Start of The input

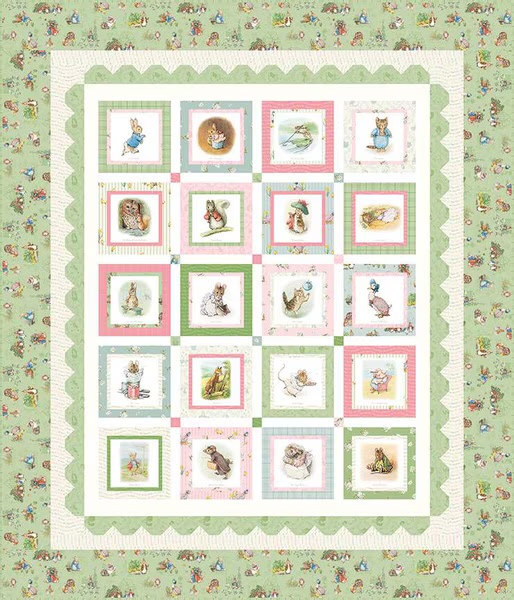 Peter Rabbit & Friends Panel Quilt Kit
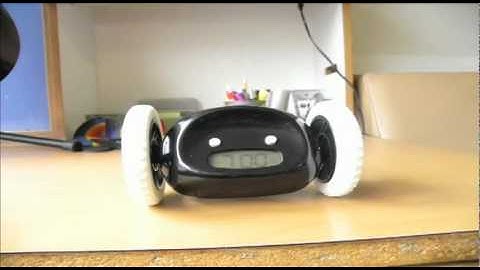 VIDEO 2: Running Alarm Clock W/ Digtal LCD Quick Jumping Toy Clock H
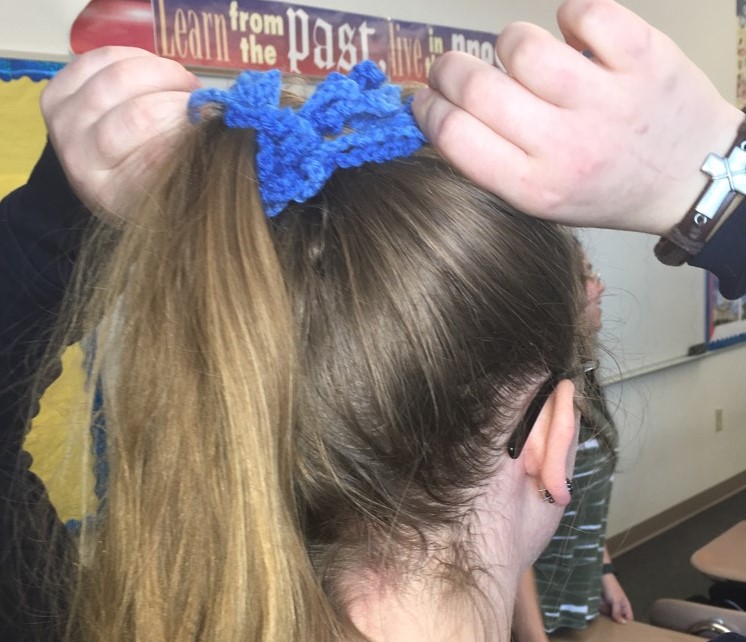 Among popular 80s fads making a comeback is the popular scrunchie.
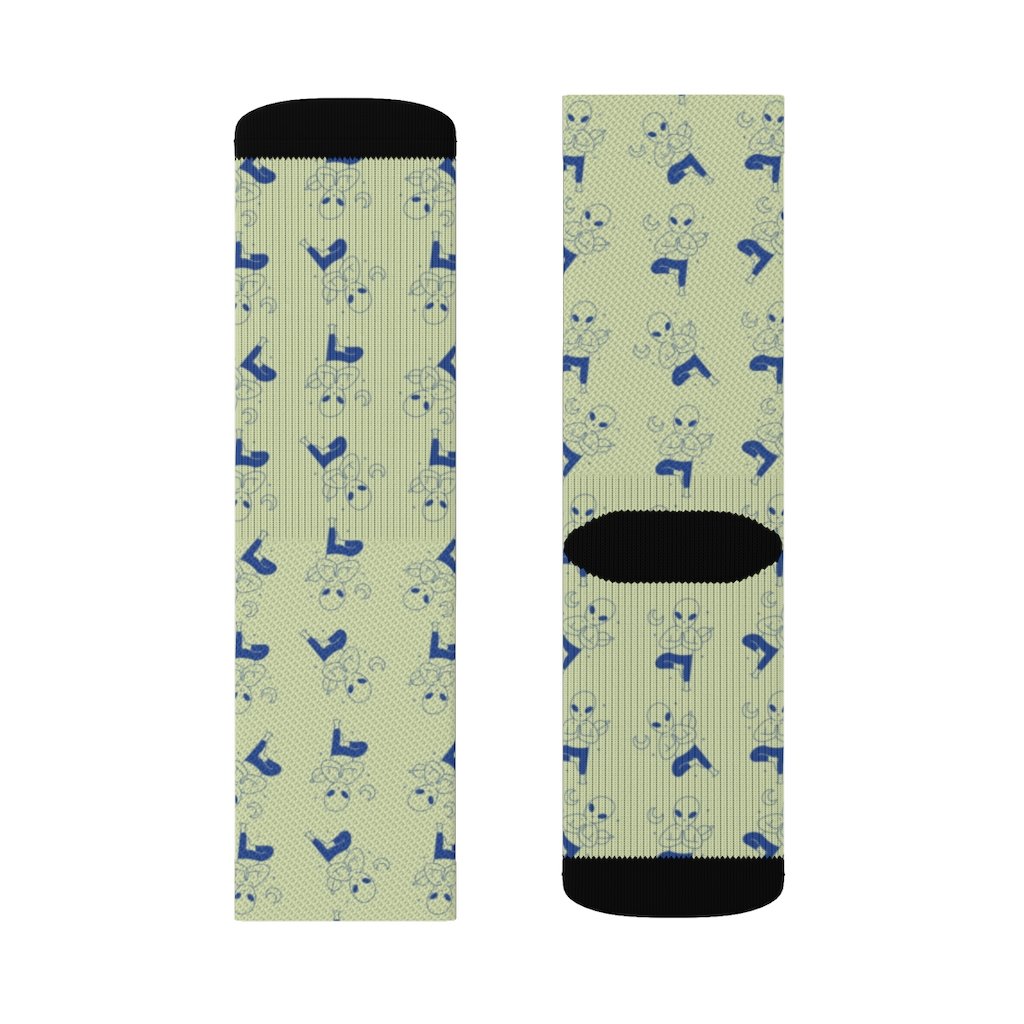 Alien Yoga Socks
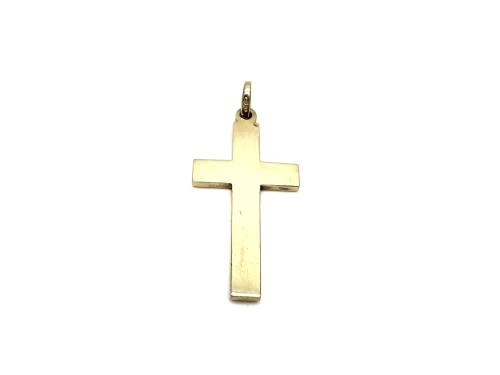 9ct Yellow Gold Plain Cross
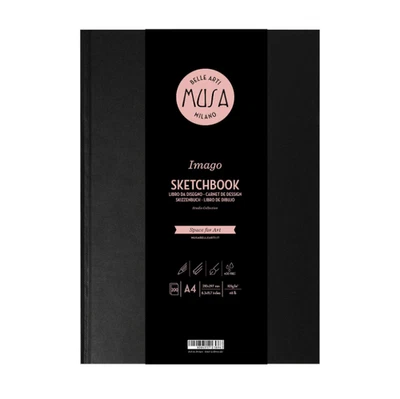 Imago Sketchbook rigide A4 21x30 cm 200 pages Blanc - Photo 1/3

End of The input

▶ **What is required**: Could you give all the records again, exactly, minus the pictures?

▶ **Response**:
 Peter Rabbit & Friends Panel Quilt Kit
 VIDEO 2: Running Alarm Clock W/ Digtal LCD Quick Jumping Toy Clock H
 Among popular 80s fads making a comeback is the popular scrunchie.
 Alien Yoga Socks
 9ct Yellow Gold Plain Cross
 Imago Sketchbook rigide A4 21x30 cm 200 pages Blanc - Photo 1/3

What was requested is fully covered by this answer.